The reseed was pretty nice, the piles were soft and workable for the most.  I suspect that your guess is correct, they were seeded yesterday with fresh snow.  They had no top coating at all, but they were getting ready to fire up the guns last night (you can hear it in Pat's video).  As long as they blow good snow and don't let it pile up then we'll be in good shape.  We should have good conditions tonight!


----------



## downhill04 (Jan 22, 2009)

For some reason I can not get the helmet cam footage to load onto either youtube or vimeo.:smash: I’m sure it is user error. 

You guys are not missing much with the small sample of footage I did shoot.


----------



## bvibert (Jan 22, 2009)

downhill04 said:


> For some reason I can not get the helmet cam footage to load onto either youtube or vimeo.:smash: I’m sure it is user error.
> 
> You guys are not missing much with the small sample of footage I did shoot.



Bummer, I was hoping to get some of that follow along footage.  Did any of it work out?


----------



## downhill04 (Jan 22, 2009)

bvibert said:


> Bummer, I was hoping to get some of that follow along footage.  Did any of it work out?



There is some footage that came out ok but nothing great. I think the follow along footage only captured from your knees down. I will try to upload some of the footage tonight after the kids go to bed. If I can’t get it to load properly I will send you an email with the footage of you. 

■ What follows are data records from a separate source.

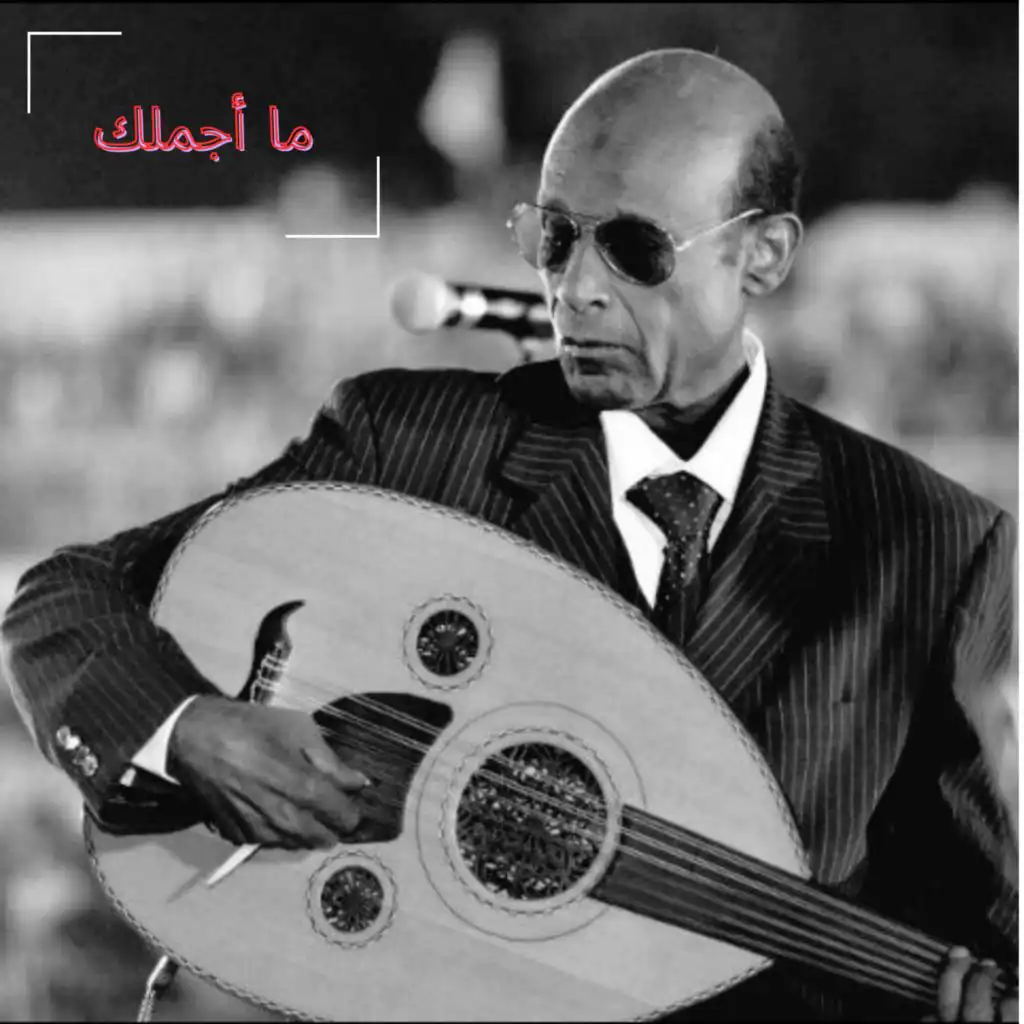 محمد الأمين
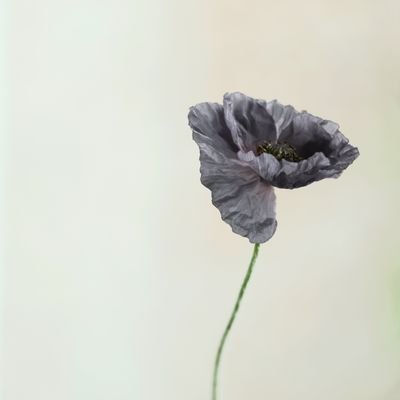 landofmanc's profile picture. nature lover
✝️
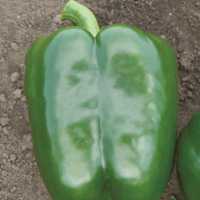 Variety File: Rispens Seeds, Inc.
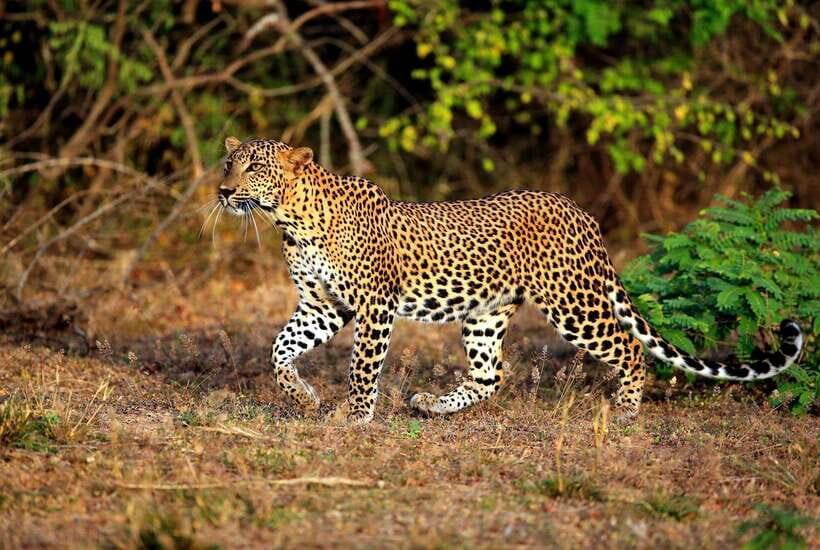 Ella: All Inclusive Yala Half Day Leopard Safari - Exclusive - The Experience in Detail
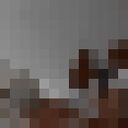 ���������� ������, ���� ������� �����, 21 ���, ������������ ��� ������, ����� � ���������, c�������� ���������, ���������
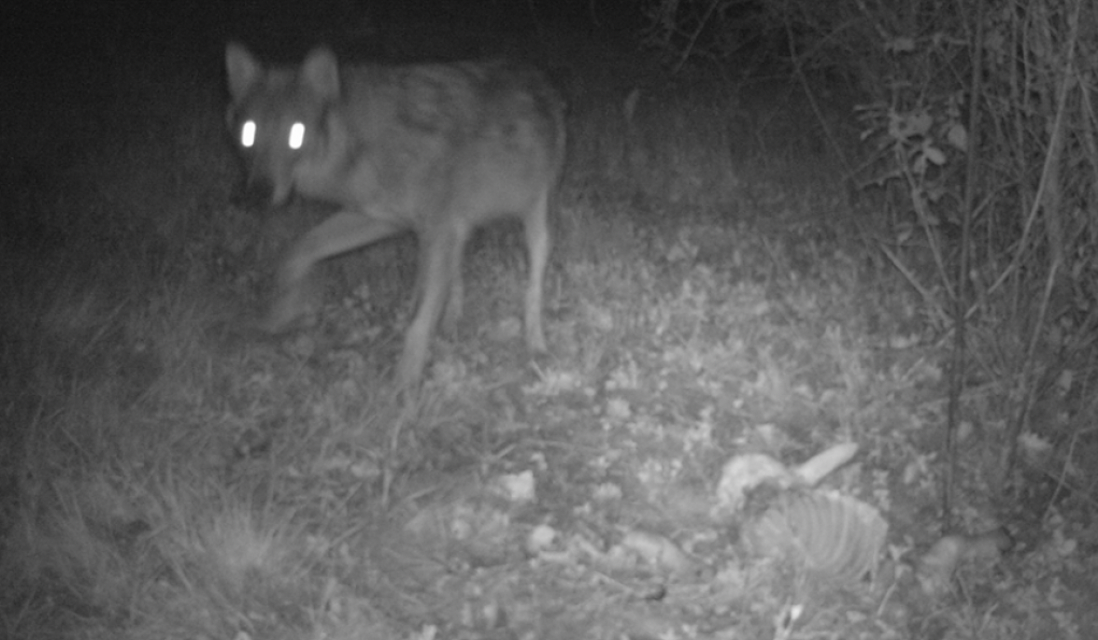 Face à la hausse des attaques de loups en Isère : Jean-Pierre Barbier, le président du Département monte au créneau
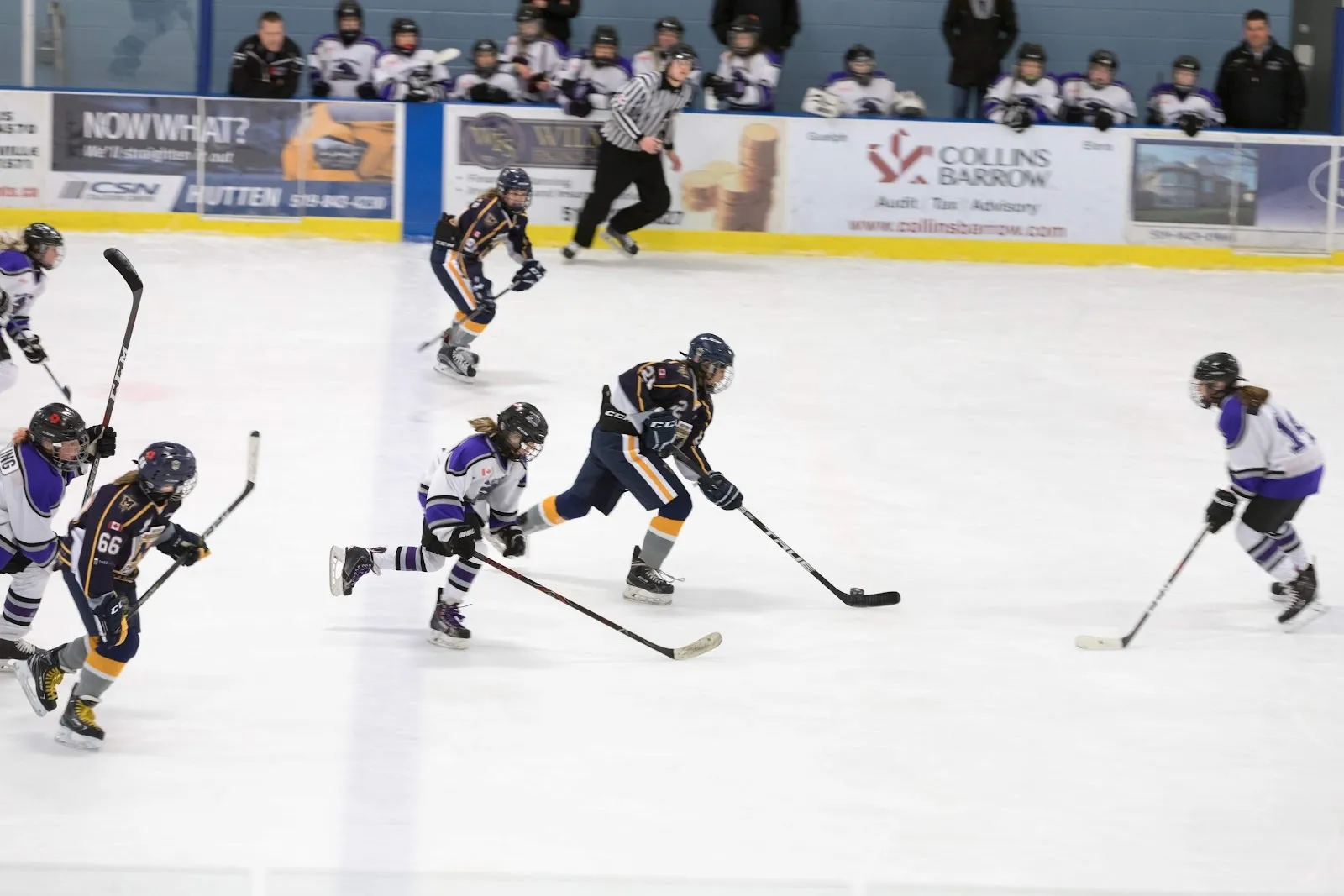 Un partido junto a las vallas cercanas, con jugadores de negro y morado repartidos por el hielo blanco, con anuncios de patrocinadores y una larga pared de banderines detrás. — Centre Wellington Community Sportsplex (Fergus)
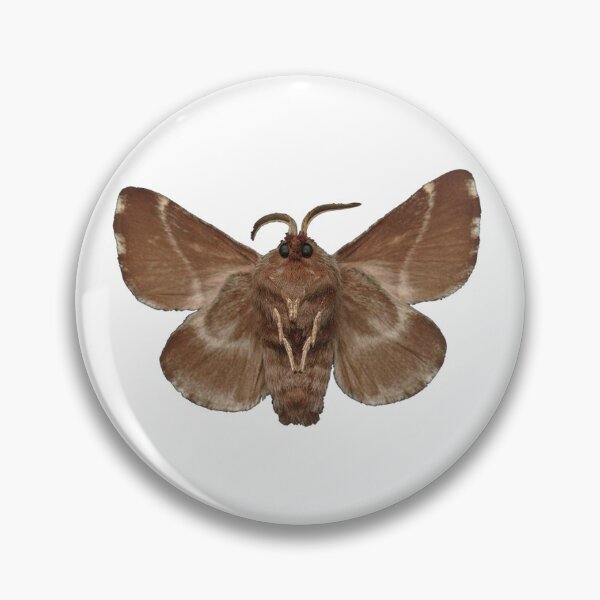 Item preview, Moth designed and sold by hadriatics.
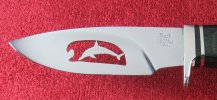 192Dolphin03_zps98f44a96.jpg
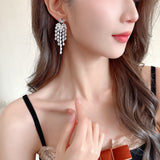 2025 Long modified face shape shows face thin earrings temperament high sense fashion elegant temperament bright zircon fringed earrings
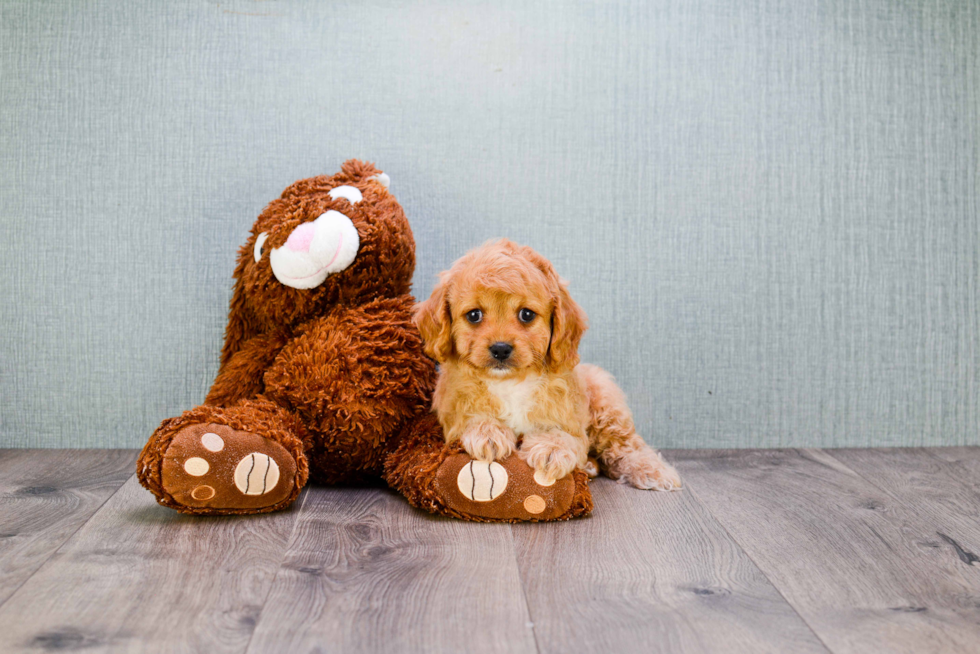 Adorable Cavoodle Poodle Mix Puppy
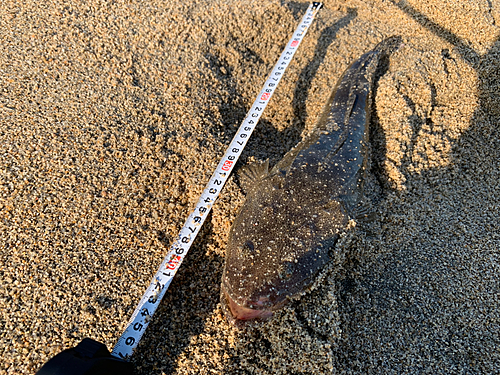 マゴチの釣果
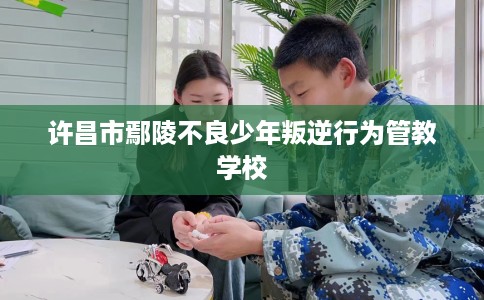 许昌市鄢陵不良少年叛逆行为管教学校 许昌市鄢陵不良少年叛逆行为管教学校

This was the first time I have used the helmet cam this season. It’s safe to say there needs to be some major modifications to the way it is mounted on my helmet to optimize the end result.


----------



## bvibert (Jan 22, 2009)

I hope you can get it figured out.

Did it move around a lot?


----------



## downhill04 (Jan 22, 2009)

bvibert said:


> I hope you can get it figured out.
> 
> Did it move around a lot?



Actually it was rather stable. It was just pointing down too much.


----------



## 2knees (Jan 22, 2009)

downhill04 said:


> Actually it was rather stable. It was just pointing down too much.



cause at the end of the day, all you really wanted was some nice action shots of brians ass.  :lol:


----------



## downhill04 (Jan 22, 2009)

Here is the only run that came out somewhat decent.Sorry Brian the fly by shots didn't come out.


----------



## bvibert (Jan 23, 2009)

That came out pretty good Jay.  I'd say point it up a little more next time


----------